• Your objective:
Your reply must contain the lines from the one with "Avsa Propiedades Logo" through the last line of the material, exact and complete, with no pictures and no other text.

• Data segment:
--------------------

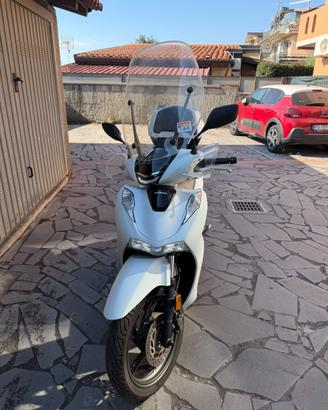 Honda Sh 125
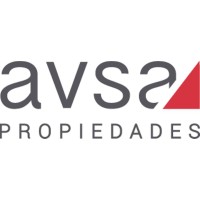 Avsa Propiedades Logo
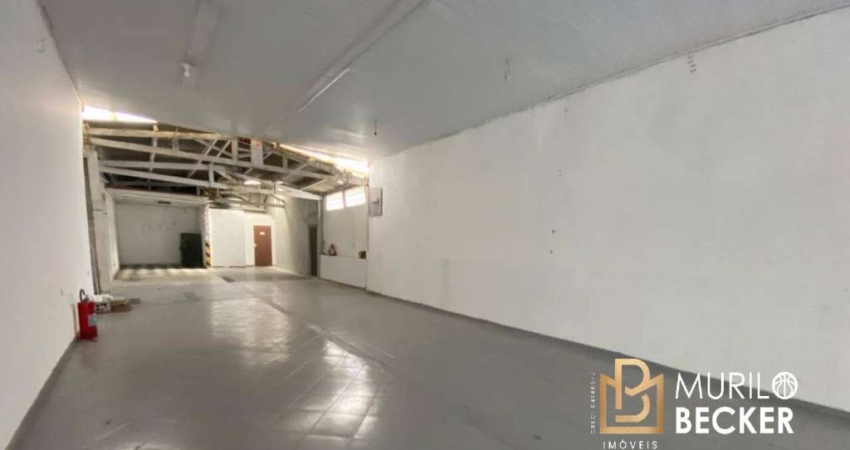 Sala comercial com 1 sala à venda na Rua Rui Barbosa, Centro, Jacareí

--------------------

• Response below:
 Avsa Propiedades Logo
 Sala comercial com 1 sala à venda na Rua Rui Barbosa, Centro, Jacareí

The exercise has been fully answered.